The true nature of the American democracy
13 May 2008 | by (Korea (Republic of)) – See all my reviews

Democracy is one of the old-fashioned goods the U.S. have exported to developing countries. To quote President Bush: "America will not impose our own style of government on the unwilling. Our goal instead is to help others to find their own voice, attain their own freedom, and make their own way." Can it be so? Absolutely not. The reality has usually been the other way round. Democracy made in the U.S. is like Pandora box for tiny countries.

The War On Democracy filmed by John Pilger shows well the falsity of the U.S. through the revelation of the hidden, suppressed history in Latin America.

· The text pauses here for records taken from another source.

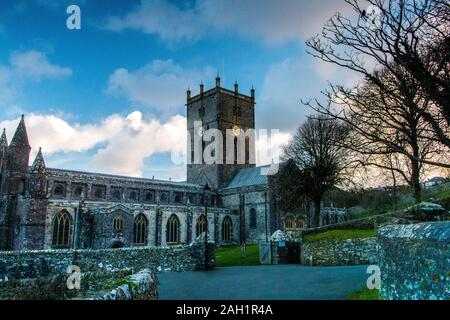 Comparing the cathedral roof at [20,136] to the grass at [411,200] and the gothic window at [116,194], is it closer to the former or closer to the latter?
the gothic window at [116,194]

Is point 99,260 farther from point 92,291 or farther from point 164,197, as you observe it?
point 164,197

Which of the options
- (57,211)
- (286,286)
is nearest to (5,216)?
(57,211)

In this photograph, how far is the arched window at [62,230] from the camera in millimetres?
36656

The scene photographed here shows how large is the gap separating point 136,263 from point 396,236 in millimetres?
17657

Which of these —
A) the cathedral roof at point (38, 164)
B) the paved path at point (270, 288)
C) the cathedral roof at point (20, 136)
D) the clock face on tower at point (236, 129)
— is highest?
the clock face on tower at point (236, 129)

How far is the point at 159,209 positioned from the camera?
4434 centimetres

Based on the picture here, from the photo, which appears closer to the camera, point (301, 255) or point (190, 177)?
point (301, 255)

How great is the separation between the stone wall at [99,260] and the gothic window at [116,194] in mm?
25804

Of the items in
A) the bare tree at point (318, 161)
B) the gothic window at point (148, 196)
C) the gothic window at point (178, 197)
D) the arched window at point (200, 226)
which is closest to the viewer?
the bare tree at point (318, 161)

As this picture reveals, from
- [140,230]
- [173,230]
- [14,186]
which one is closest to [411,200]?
[173,230]

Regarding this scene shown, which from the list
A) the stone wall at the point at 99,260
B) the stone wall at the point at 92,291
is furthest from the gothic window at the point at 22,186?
the stone wall at the point at 92,291

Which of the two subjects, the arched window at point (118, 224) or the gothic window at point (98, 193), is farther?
the gothic window at point (98, 193)

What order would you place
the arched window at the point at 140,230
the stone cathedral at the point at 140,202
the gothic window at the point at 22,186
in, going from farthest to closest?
the arched window at the point at 140,230 < the gothic window at the point at 22,186 < the stone cathedral at the point at 140,202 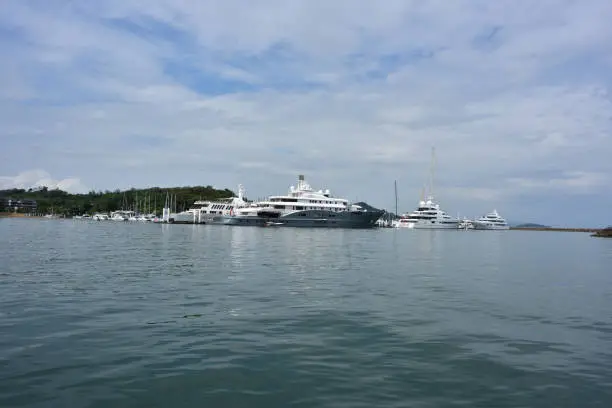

Don't be embarrassed at the fact that The U.S has tried to turn over democratic governments under the guise of democracy. Especially, many countries in Latin America have been attacked with the loss of countless lives, and their leaders became the victims of an injustice; Jacobo Arbenz, a democratically elected Guatemalan president in 1950, was forced into exile being stripped naked and photographed; In 1973 Salvador Allende of Chile took his life against the bombing led by General Pinochet, an America's man.

By what right, has the U.S. played the leading role in destroying the democratic governments and the dreams of the people? Who gives the U.S. the right? Let's listen to the pretext of Duane Clarridge, head of the CIA's Latin American division in the early 1980s in Chile. "We'll intervene whenever we decide it's in our national security interests to intervene, and if you don't like it, lump it. Get used to it, world -we're not gonna put up with nonsense. If our interests are threatened, we're gonna do it." Philip Agee, C.I.A. agent 1967-68, also back up the Clarridge's excuse. "In the CIA, we didn't give a hoot about democracy. I mean, it was fine if a government was elected and would cooperate with us, but, if it didn't, then democracy didn't mean a thing to us, and I don't think it means a thing today." Like pilger's saying, it's evident no country has a right to go its own way, unless that way coincides with the interests of the United States.

However, the U.S. tasted the bitterness of defeat on April, 2002 in Venezuela. The joint work of Washington and the wealthy of Caracas to get rid of President Chavez ended up failing due to people power demanding the return of their president. In spite of the planned coup, Chavez was put in the bosom of the people in 48 hours after being abducted.

The people power was also brilliant in Bolivia. In 2000, to take backs the valuable resources like water, Bolivian people fought against a foreign consortium dominated by the American corporation Bechtel, and accomplished their hope. Furthermore, in 2005, the indigenous person, Evo Morales, was elected president for the first time ever.

Of course, there sure is another plot of empire still going in Latin America, Middle East, Afghanistan, and Africa. However, the rising up against empire will never stop as long as the people power exists. As Hugo Chavez says, the world should be governed by the rule of law, equality, justice and fraternity, not by empire's greed.